Anyone of them he thought again.
“No movement.” Eric reported. “ But it only just got dark, we might have to wait all night.”
Dave knew better, he had to be home by 10 P.M. His parents checked on him every night before they went to sleep. Said things like sleep tight. They didn’t know he was practically a grown up. He wasn’t scared of monsters under the bed or in the closet. He wasn’t going to scared of anything anymore, except of course getting caught out when his parents thought he was at home sleeping.
“You know they used to keep the prisoners here during the Civil War. Buried them everywhere, heard that’s why more bodies end up here, they are supposed to be dumped here, all those we’re better without. Should turn it back into a prison, like Alcatraz.” Eric said. He looked at his friend, “Might even be a couple of ghosts out, you chicken.”
“Don’t call me that!” Dave looked at him like it was the last straw.
Eric shrugged it off turned back towards the city lights.
“In the blackest moment of night they strike. But they won’t expect us to be waiting for them this time. They think they have it all figured out.” He pulled the binoculars away and looked at Dave. “You can’t be scared of the dark. I’ll leave you out here if you get all girlie on me, I swear to God.”
“I’m not scared.

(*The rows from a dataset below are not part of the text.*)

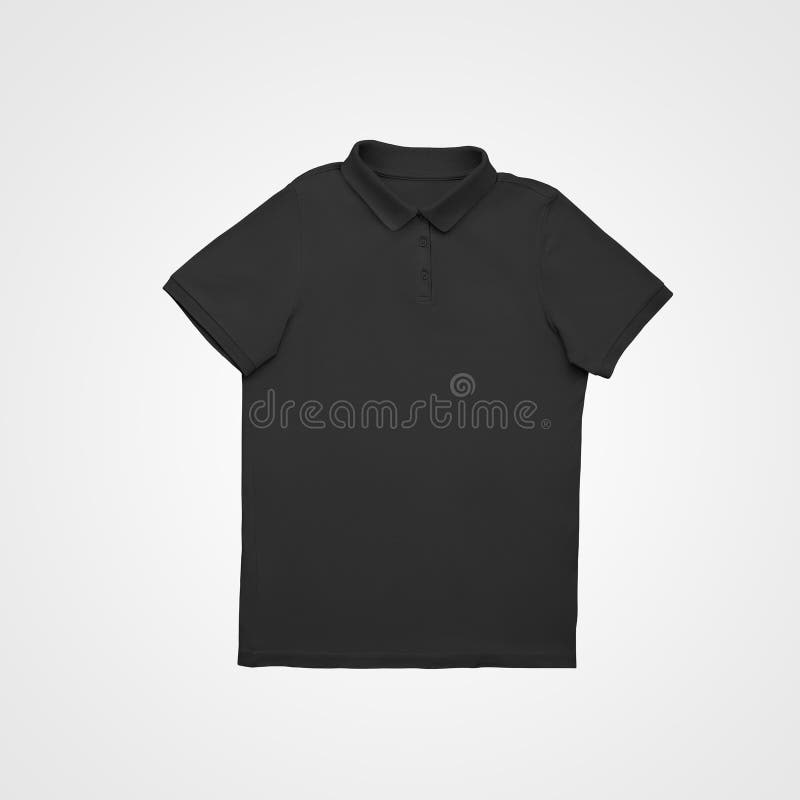 Blank black polo template, laid out on a white background, stylish t-shirt with buttons, collar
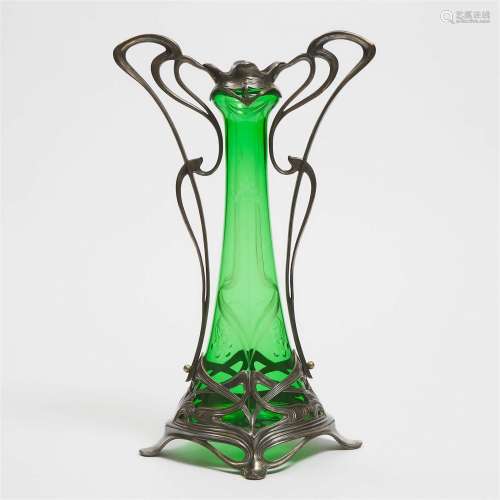 Large German Art Nouveau Silvered Metal Mounted Etched Gree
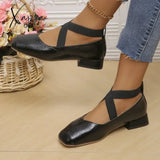 Women Genuine Leather Mary Janes Square Toe Flat Buckle Shallow Ladies Fashion Career Shoes Spring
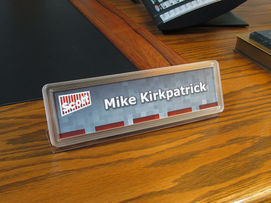 Desk name plate with clear frame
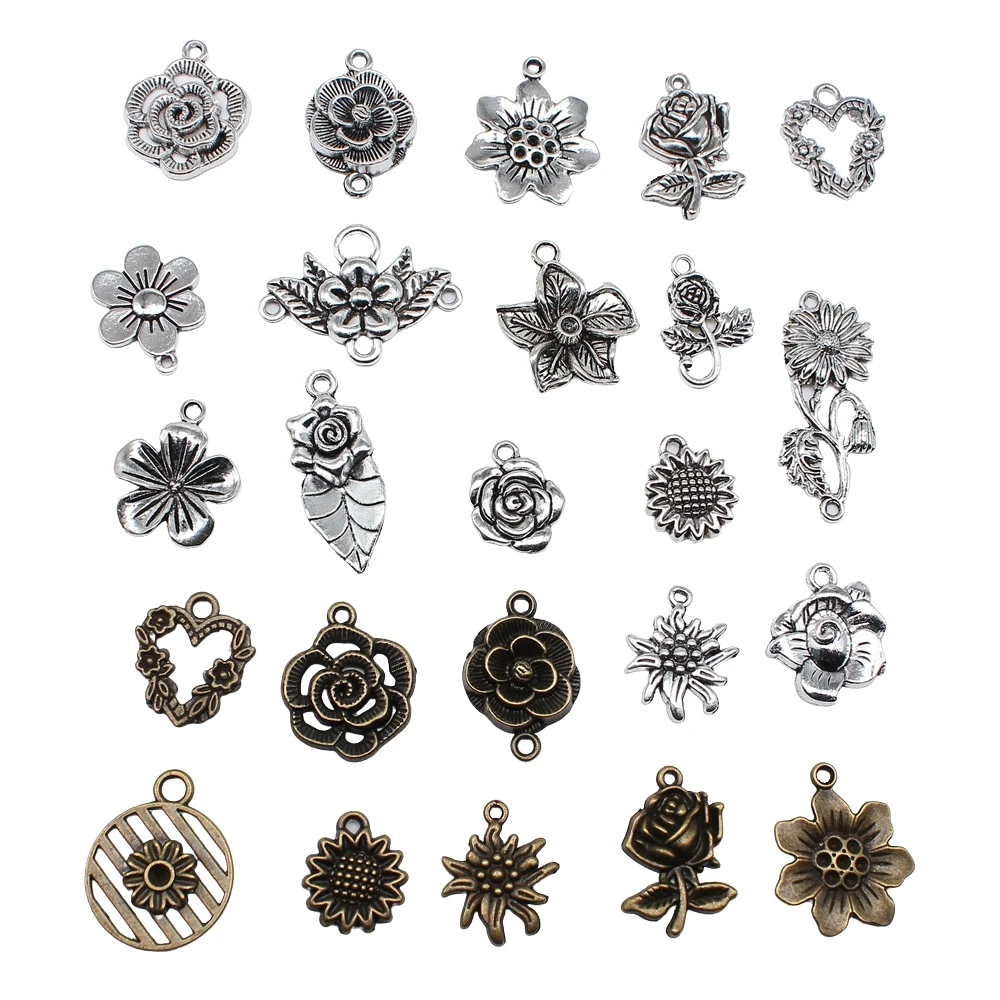 

10pcs Charms Sunflower Flower Antique Bronze Silver Color Pendants DIY Crafts Making Findings Handmade Tibetan Jewelry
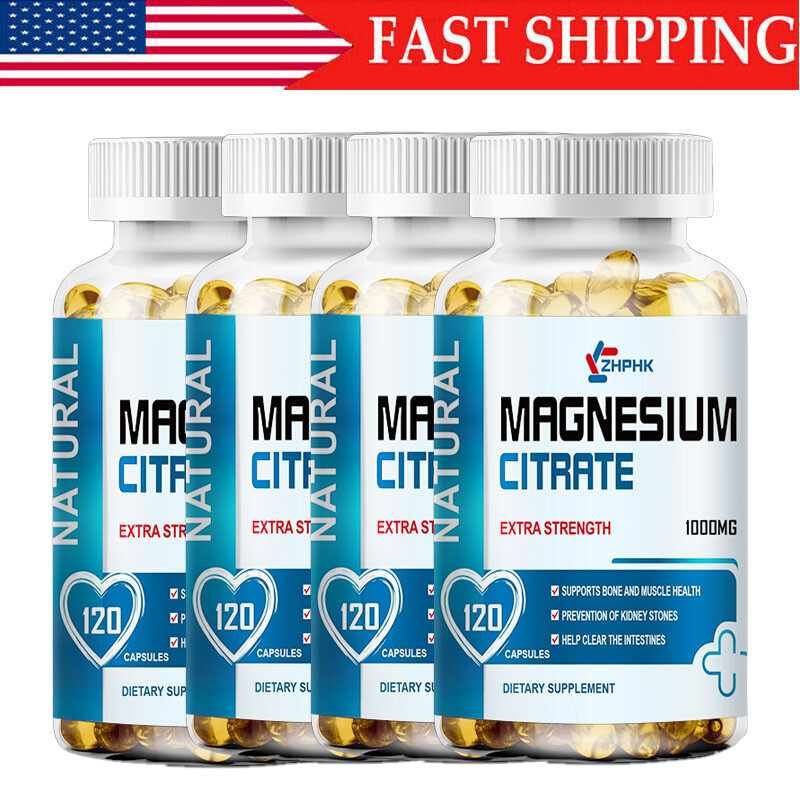 Magnesium Citrate 1000mg per Serving – 120/240/480 Vegetarian Capsules (Provide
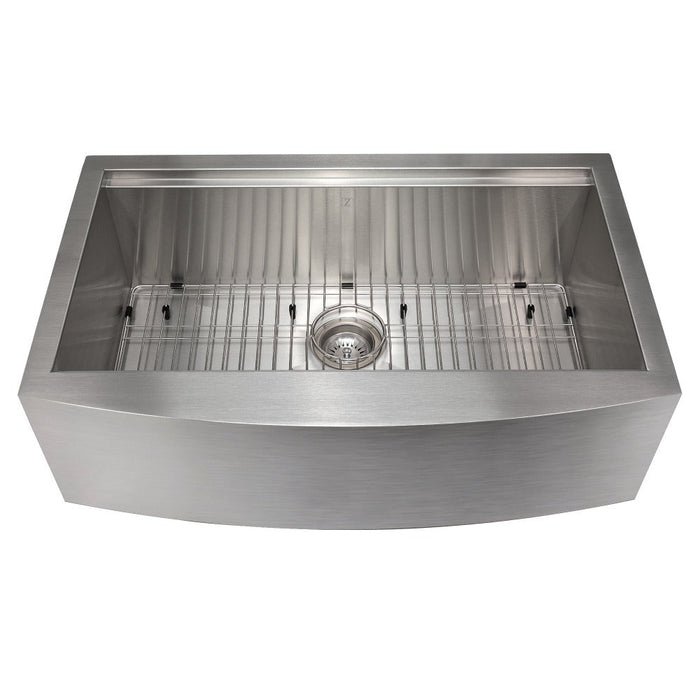 ZLINE Moritz 33 in. Farmhouse Apron Mount Single Bowl Stainless Steel Kitchen Sink with Bottom Grid and Accessories (SLSAP-33)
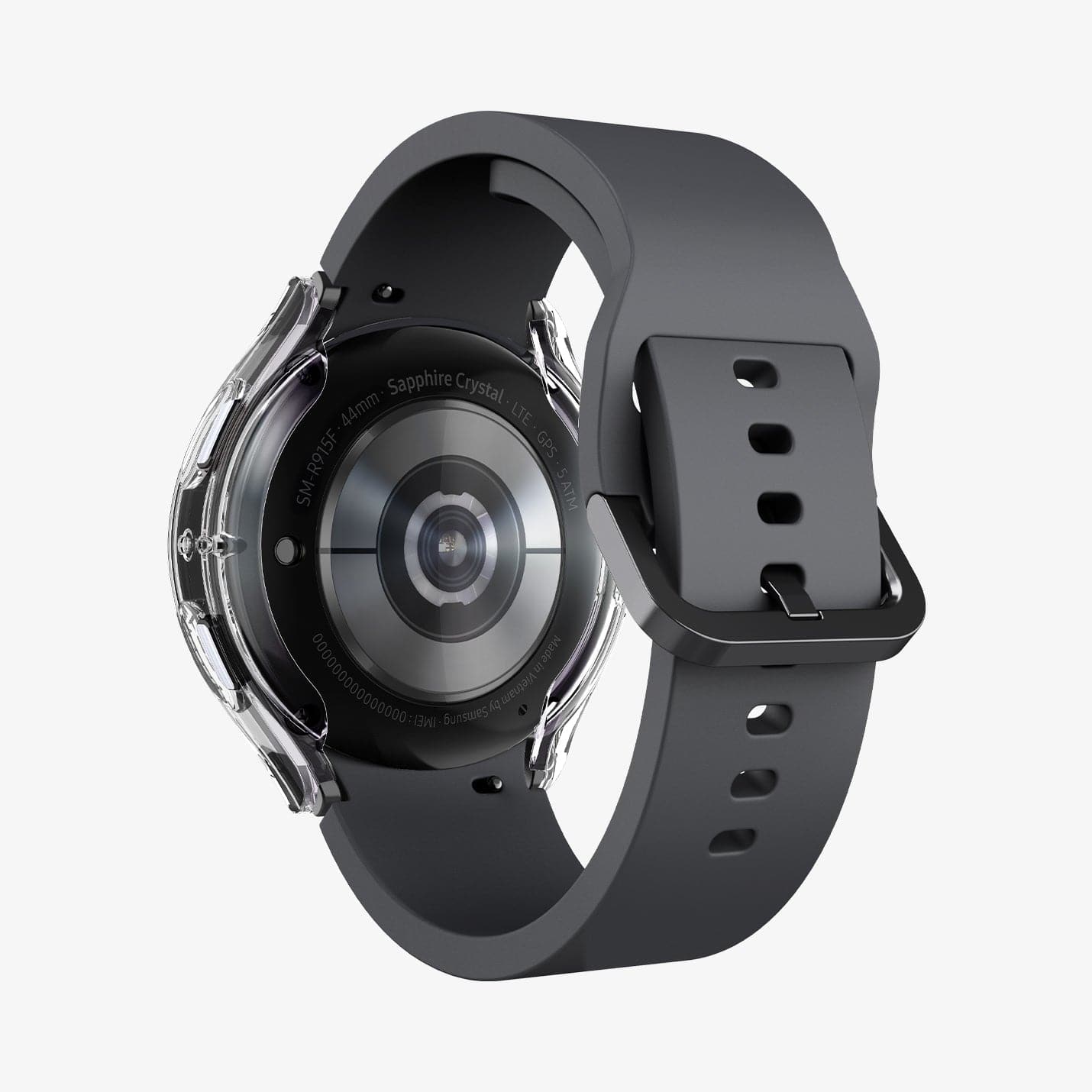 ACS03475 - Galaxy Watch 5/4 (44mm) Case Ultra Hybrid in crystal clear showing the back and inside of band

Besides, you shouldn’t swear to God.”
“You know I hate to break it to you, Davie, but their ain’t no God, no Santa Claus, and No Batman.”
“Of course there’s no Batman. I knew that.”
“Superman?”
“Yeah I know he’s fake too.”
“Just making sure, some times you’re such a kid. Like I’m babysitting you.” Eric said before diving back into the binoculars. Then his mouth gaped, “Oh wow.”
“What? What do you see?”
“I think it’s a fire. Lots of smoke.”
“Let me see.”
“It’s rising up, over that way, just over the city I think it’s in Church Hill. Must be a meth lab going up in smoke. Nice, another criminal finds their own end, those idiots might put us out of a job.” He sounded disappointed as if all he ever wanted to do was arrest some one.

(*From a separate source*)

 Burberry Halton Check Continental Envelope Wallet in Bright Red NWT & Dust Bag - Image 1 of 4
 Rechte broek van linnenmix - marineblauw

Again Dave reached for the binoculars, “Let me see!”
“This is crazy it looks like a giant bat.”
“Very funny, Eric, they’re my Dad’s so let me see. I brought them.”

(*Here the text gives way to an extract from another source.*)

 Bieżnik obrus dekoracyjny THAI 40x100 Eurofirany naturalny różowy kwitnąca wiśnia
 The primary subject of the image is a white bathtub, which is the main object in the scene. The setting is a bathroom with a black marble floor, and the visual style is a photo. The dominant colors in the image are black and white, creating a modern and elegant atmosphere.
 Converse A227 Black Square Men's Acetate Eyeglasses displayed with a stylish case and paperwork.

Eric slung them into Dave’s chest. It hurt. “ Don’t break them, then.”
Dave drew the binoculars up to his eyes. They shook in his hands, they were so much heavier than he expected. He searched the night sky, passed the blurring lights.
“Where? I don’t see anything. You were just messing. I’m not out here to pretend, Eric.”
Eric yanked him in the right direction. “See it now, moron?”
There it was.
Dave couldn’t take his eyes of it.
It was a dark shadow, creeping up over the city. It was like the arched back of a black cat ready to pounce, as if it clutched its prey beneath it’s paw and stood there wondering when it was going to stop twisting, fighting, trying not to be eaten. But Dave could tell it wasn’t smoke from a fire, it was blacker than the darkness around them. It seemed to have its own place in the night sky, same as the Federal building it looked formed and sturdy, only it moved ever so noticeably. Like it was breathing. And in the darkness was that feeling again, that feeling realized, the stranger in the house, the person lurking in the woods, he could feel that person in the black form he looked out at. His mouth fell wide. “It’s looking at me.”
“What?” Eric asked. “You’ve been doing drugs or something?”
Dave flung the binoculars to the ground like they burned him. He was on the verge of tears when he glared at Eric with anger. “You’re messing with me! Trying to scare me!”